• Exercise aim
Please output only the lines that begin at the line with "Open Mouth Yellow" and run through the end of the entries below, exactly as written. Drop all pictures.

• Data for this task
· · · ·

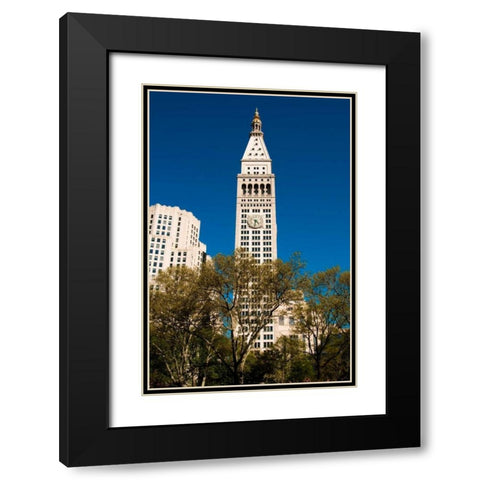 Madison Square Park Black Modern Wood Framed Art Print with Double Matting by Berzel, Erin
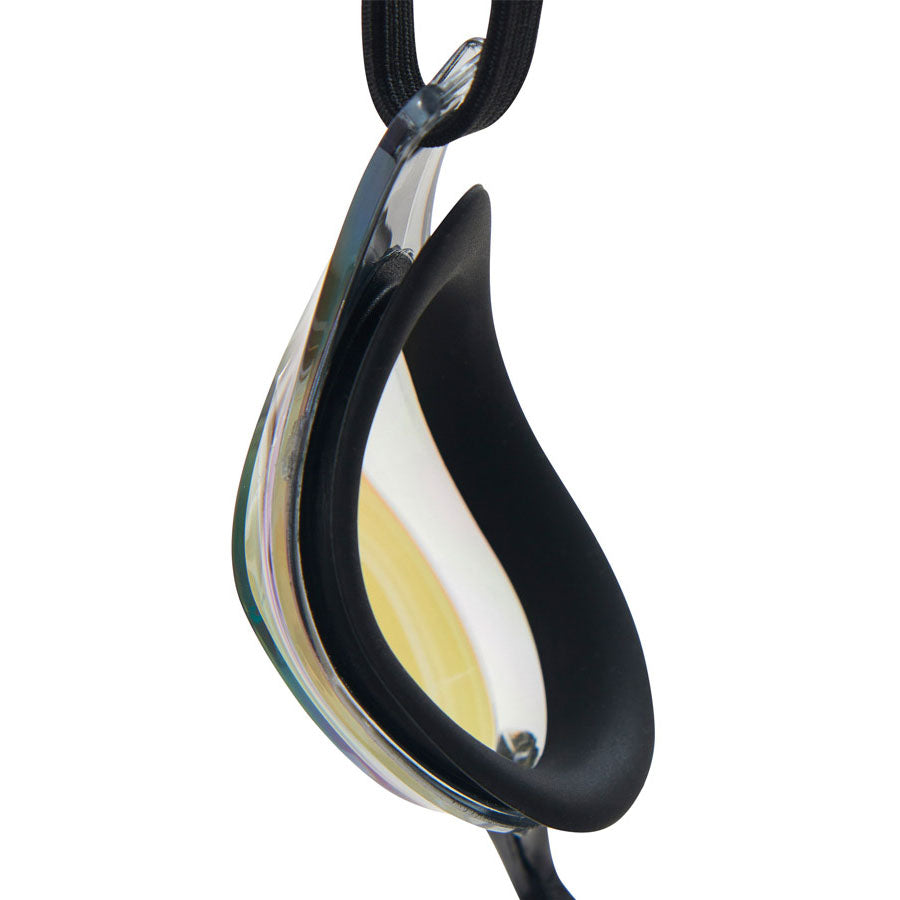 Adult Black Rubber Ring Racing Goggles(DALI-BKBK)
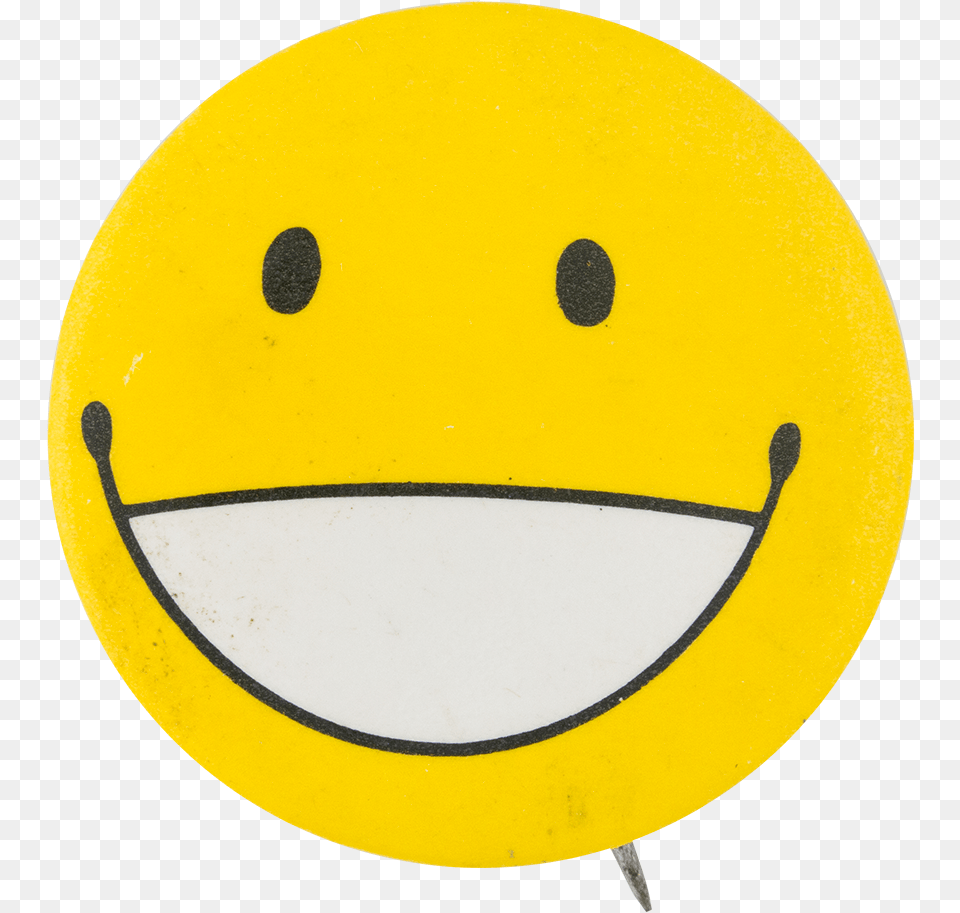 Open Mouth Yellow Smiley Smileys Button Museum Open Mouth Happy Face, Symbol, Sign Png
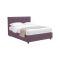 Letto Piazza e Mezza Viola Lilla Sfoderabile Contenitore, Dimensione Materasso 120x200 cm - Pollutri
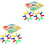 2 Sets Portable Flying Chess Mat Game Board Toy 5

· · · ·

• Worked solution
 Open Mouth Yellow Smiley Smileys Button Museum Open Mouth Happy Face, Symbol, Sign Png
 Letto Piazza e Mezza Viola Lilla Sfoderabile Contenitore, Dimensione Materasso 120x200 cm - Pollutri
 2 Sets Portable Flying Chess Mat Game Board Toy 5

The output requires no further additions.